大阪弁護士会所属 52期/登録番号:27404
近畿税理士会所属 税理士/登録番号:130995
顧客とクレーマーを分けるものとは?
1 大阪弁護士会の会報
大阪弁護士会の会報に、「教育対象暴力」という言葉を巡って、異なる委員会が言葉の是非について論考を述べられていて大変参考になりました。
それに触発されてというわけではないですが、顧問先から受けるよく質問で、「顧客の正当な抗議」と「クレーマーの不当な要求」とは、どう区別すればよいのかというものがあり、これについて本職の考えを述べたいと思います。
2 「正当な抗議」?、「不当な要求」?
顧客が商品やサービスに不満を覚えて抗議をすることは、法的に問題とはなりませんし、マーケティング的にはむしろ商品改善のための貴重な手掛かりになるとされています。
ただ、不当な要求の場合には、上記のマーケティング的視点のほかに、クレームと真正面から対峙する従業員を守る、会社の風評被害を抑えるといったダメージコントロールの視点が大事となります。

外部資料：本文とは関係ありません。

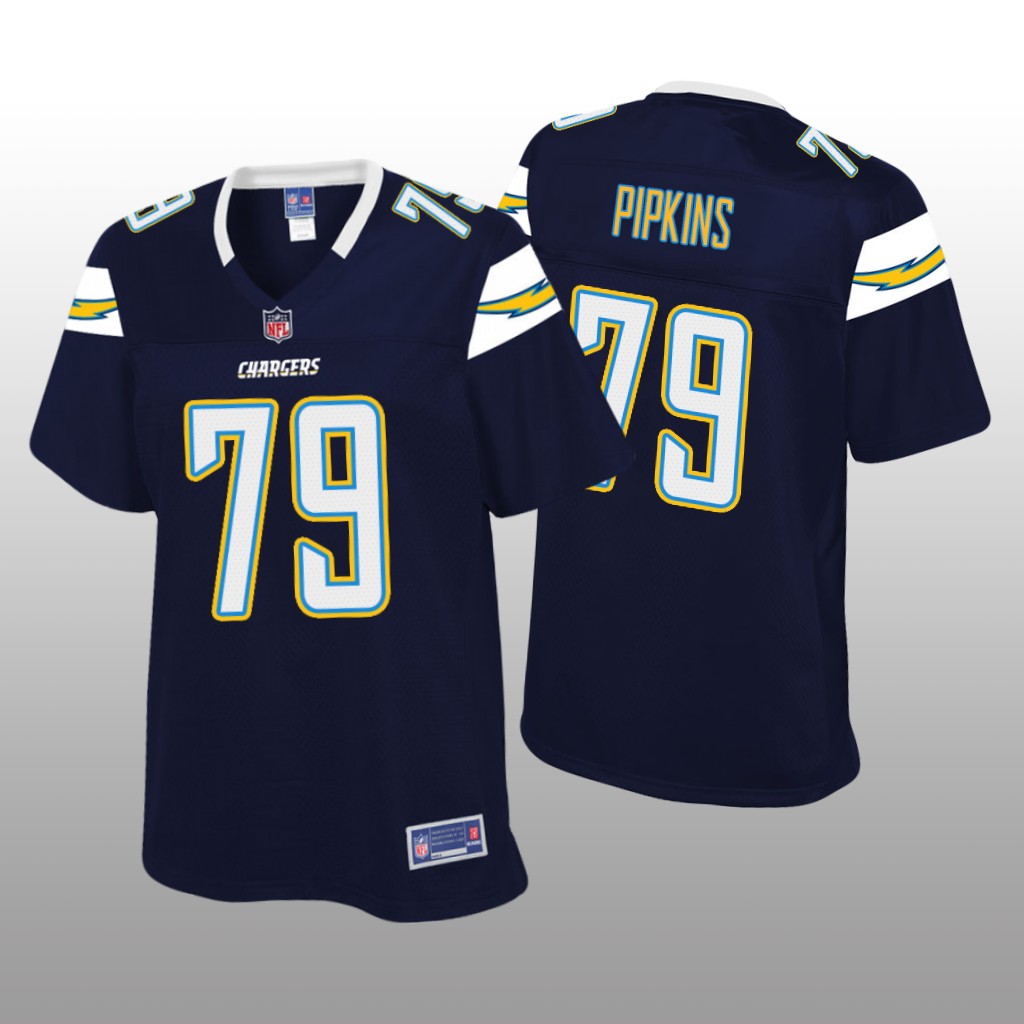 Women's Trey Pipkins #79 Los Angeles Chargers Navy Pro Line Jersey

そして、「正当な抗議」か「不当な要求」かは、抽象的には法的根拠があるかないかですが、より具体的には、証拠関係についての話に乗らずに要求をし続ける・主張がコロコロ変わる(根負けを狙っている)、過度な行為・義務なき行為の要求、例えば土下座の強要や多額の金銭の支払いの要求や社長を出せと言い続ける、逆にクレームを言う対象者を特定の一人に絞ろうとする、当方に落ち度がある場合にネットへの書き込みをほのめかす、などというものがあります。
3 非があれば青天井に賠償しなければならないわけでない
もちろん、クレームを受けた側に非があり、損害賠償義務がある場合には損害を支払うべきです。

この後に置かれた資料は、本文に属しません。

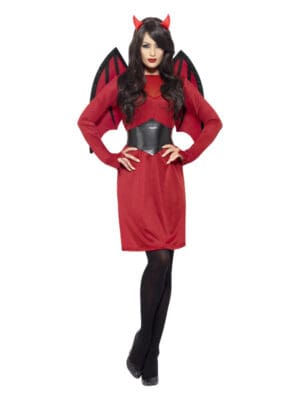 Economy Devil Costume, Red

ただ「損害」が妥当な金額か否かという点は頭の隅に置いておいてもよいと思います。
攻撃を受け続けると、視野が狭くなってしまうことがあり、上記の考えに思いが至らなくなることはよく見受けられます。そのため、顧客からの要求が長期化している場合には、会社としては、情報共有し、弁護士対応も検討しながら全社的に事態に当たる必要があります。